L’articolo in cui la giornalista racconta la sua esperienza è un successo. Esponendo in prima pagina i problemi della struttura, gli abusi subiti dalle persone, le loro condizioni di vita, Nellie Bly ha mostrato al mondo in maniera inequivocabile la realtà dei manicomi. E ciò che rende l’articolo ancor più potente, è la sua inattacabilità: Nellie è stata davvero all’interno del manicomio, ha vissuto con i pazienti, ha subito gli stessi trattamenti. Non ha scritto questo pezzo dal suo ufficio, ottenendo le informazioni da altri ed elaborando teorie. È stata sul campo.
Il successo dell’articolo si riflette nelle misure che la città si trova costretta ad adottare per cambiare la situazione all’interno del manicomio, e non solo. Per Nellie Bly, questa è una vittoria personale degna di qualsiasi importante premio.
Perché è “pasionaria”
Nellie Bly era una donna, nata a Pittsburgh, povera e orfana di padre. Eppure ce la fece. A New York e nel mondo del giornalismo il suo nome divenne noto, la sua figura professionale non fu più messa in discussione. Ci credette fin dal primo giorno e ottenne, con fatica e determinazione, nonostante le continue umiliazioni, che quel riconoscimento le spettava di diritto.
Il suo successo è anche una vittoria per il giornalismo in generale. Nellie non solo ha dimostrato che una donna può essere brava, tenace e capace nel suo lavoro quanto è più dei colleghi uomini, ha anche inventato il giornalismo di inchiesta sotto copertura, rendendo al pubblico un servizio impagabile.
Tra le prime, nella storia del giornalismo moderno, ha compreso l’importanza di verificare con i propri occhi ciò di cui si vuole scrivere, diventando investigatrice e narratrice di una realtà difficile ma presente.
E le sue imprese non finirono qui. Nel 1889, fece una scommessa con se stessa e con chi non credeva in lei: girare il mondo, da sola, in meno dei famosi 80 giorni raccontati da Jules Verne. Ci riuscì, con un altro successo che si concluse in 72 giorni, 6 ore, 11 minuti e 14 secondi. La sua fama, dopo quest’altra impresa, crebbe ancora.
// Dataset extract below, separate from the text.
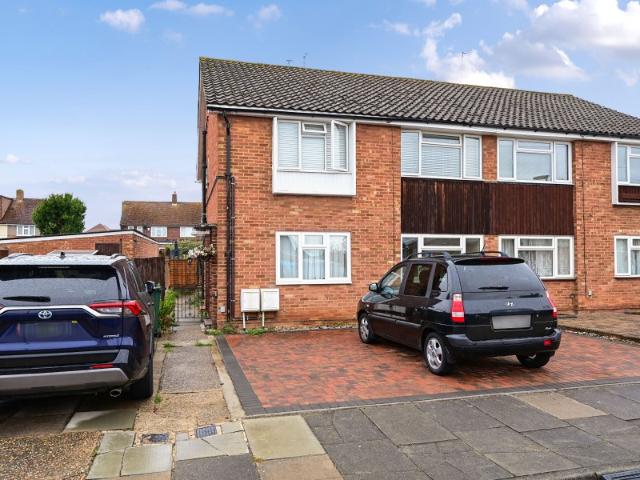 House for rent in Littleton Common, Spelthorne
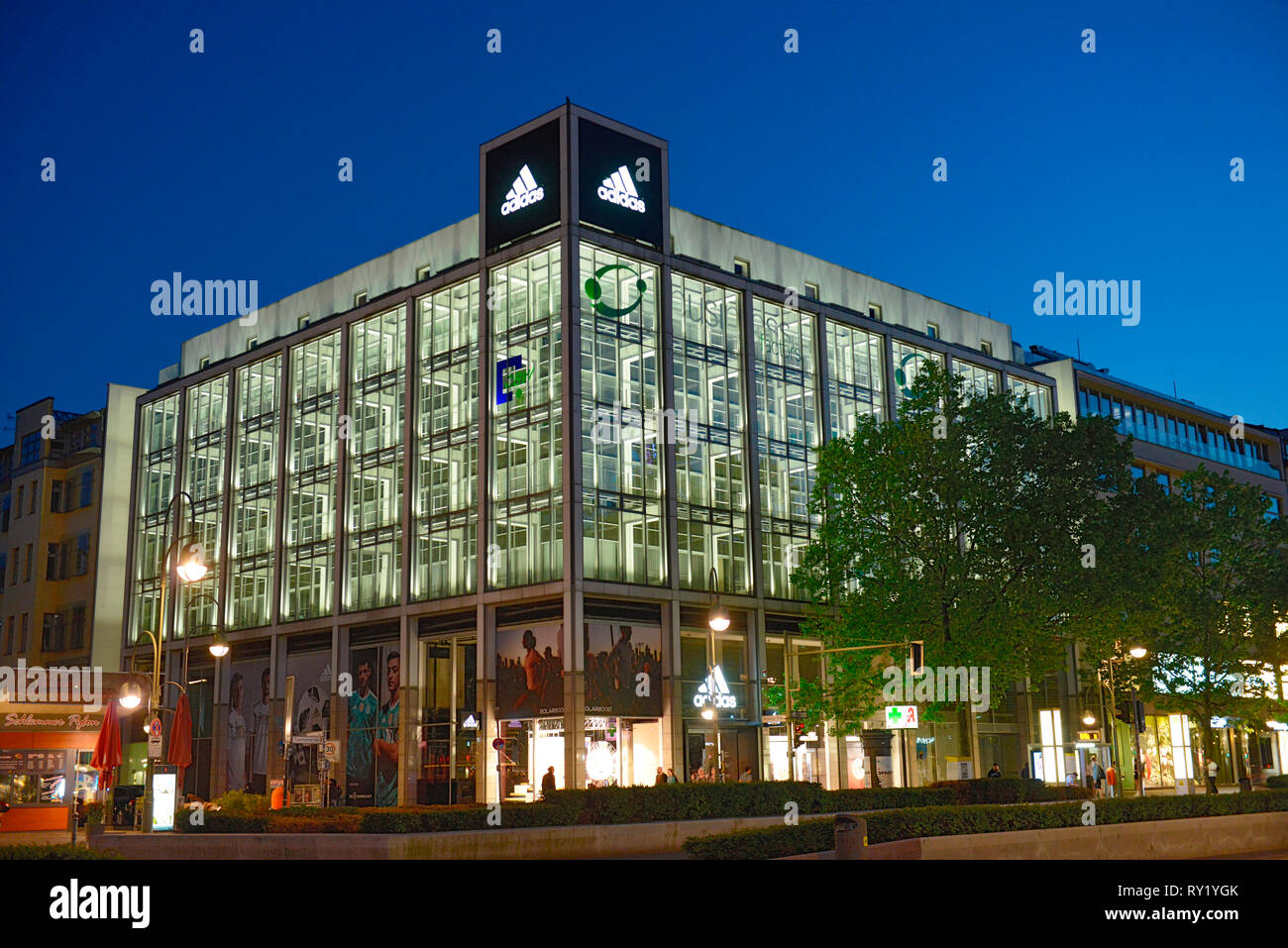 kompromis sommer lejlighed Adidas Store Berlin Stockfotos und -bilder Kaufen - Alamy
Nellie non solo ha sfidato le difficoltà di un’impresa simile, dopo aver già ottenuto riconoscimenti, ma ha anche rotto un altro tabù, sfidando un altro stereotipo. Le donne non possono fare le giornaliste, le donne non possono viaggiare da sole: Nellie Bly ha dimostrato al mondo che si sbagliava e l’ha fatto per se stessa e per noi, che più di cento anni dopo dobbiamo ancora combattere, spesso, questi stereotipi.